Washington Breaking ranks, a small band of House Republicans declared their opposition to a troop buildup in Iraq on Wednesday, and President Bush appeared resigned to passage of a nonbinding measure disapproving of his decision.
"I'm going to make it very clear to the members of Congress, starting now, that they need to fund our troops," the president said, looking past this week's debate toward congressional action next month on his request for nearly $100 billion for the military.
Bush spoke at a White House news conference timed - coincidentally or not - for the hour that Republican critics of his war policies took their turn in a marathon debate on the House floor.
"I am personally very high on President Bush, but on the matter of troop escalation, I am not in agreement," said Republican Rep. Howard Coble, of North Carolina.
"I insist that we do not maintain an eternal presence in Iraq, if for no other reason than the cost to the taxpayers, which has been astronomically unbelievable," he said. He also noted the war has cost more than 3,100 U.S. troops their lives.
Coble was one of fewer than a dozen Republicans to swing behind the measure. It declares that Congress "disapproves of the decision of President George W. Bush ... to deploy more than 20,000 additional United States combat troops to Iraq."
The 95-word measure adds that "Congress and the American people will continue to support and protect the members of the United States armed forces who are serving or who have served bravely and honorably in Iraq."
By early evening, only one Democrat, Rep. Jim Marshall of Georgia, had announced he would vote in opposition.
Approval is expected on Friday. Senate Majority Leader Harry Reid, D-Nev., has announced plans to try for a vote on an identical bill in the next few weeks. Prospects there are uncertain because Republicans have said they will also demand a vote on an alternative measure that says Congress should neither cut nor eliminate funds for troops in the field.
Democrats took control of Congress after elections last fall that were shaped in large measure by public opposition to the war. House Speaker Nancy Pelosi, D-Calif., has described the nonbinding measure as the first step in a longer campaign to end U.S. participation in the nearly four-year-old conflict.

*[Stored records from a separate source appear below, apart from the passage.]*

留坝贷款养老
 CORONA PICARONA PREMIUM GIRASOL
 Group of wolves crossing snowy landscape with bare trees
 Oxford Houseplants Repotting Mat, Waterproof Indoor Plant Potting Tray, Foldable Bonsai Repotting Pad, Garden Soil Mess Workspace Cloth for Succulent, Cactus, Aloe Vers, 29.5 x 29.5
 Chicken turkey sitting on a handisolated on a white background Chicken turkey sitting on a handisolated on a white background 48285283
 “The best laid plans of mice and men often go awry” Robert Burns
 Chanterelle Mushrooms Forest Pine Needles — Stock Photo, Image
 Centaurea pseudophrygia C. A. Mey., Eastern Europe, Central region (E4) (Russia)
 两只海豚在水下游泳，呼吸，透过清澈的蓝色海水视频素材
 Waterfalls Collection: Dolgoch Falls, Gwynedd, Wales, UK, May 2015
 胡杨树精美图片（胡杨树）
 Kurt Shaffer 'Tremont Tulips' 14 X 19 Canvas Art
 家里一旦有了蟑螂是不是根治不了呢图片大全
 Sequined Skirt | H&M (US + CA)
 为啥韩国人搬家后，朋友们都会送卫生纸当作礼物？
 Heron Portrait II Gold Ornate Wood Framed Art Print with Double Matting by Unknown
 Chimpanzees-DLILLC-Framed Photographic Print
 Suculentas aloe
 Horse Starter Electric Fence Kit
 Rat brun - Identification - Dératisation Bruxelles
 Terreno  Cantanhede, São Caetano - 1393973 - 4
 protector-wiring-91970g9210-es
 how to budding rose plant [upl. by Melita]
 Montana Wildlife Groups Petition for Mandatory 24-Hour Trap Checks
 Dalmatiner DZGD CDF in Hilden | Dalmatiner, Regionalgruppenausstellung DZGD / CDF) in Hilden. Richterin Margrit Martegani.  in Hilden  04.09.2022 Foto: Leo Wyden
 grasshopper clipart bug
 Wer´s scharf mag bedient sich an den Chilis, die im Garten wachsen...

Several Democrats have said they favor cutting off money as a way to accomplish that, and Bush was eager to lay down a marker on that issue.
"They have every right to express their opinion, and it is a nonbinding resolution," he said of the measure before the House. But looking ahead, he added that Congress soon "is going to be able to vote on a piece of legislation that is binding, a bill providing emergency funding for our troops. ... We have a responsibility, all of us here in Washington, to make sure that our men and women in uniform have the resources and flexibility they need to prevail."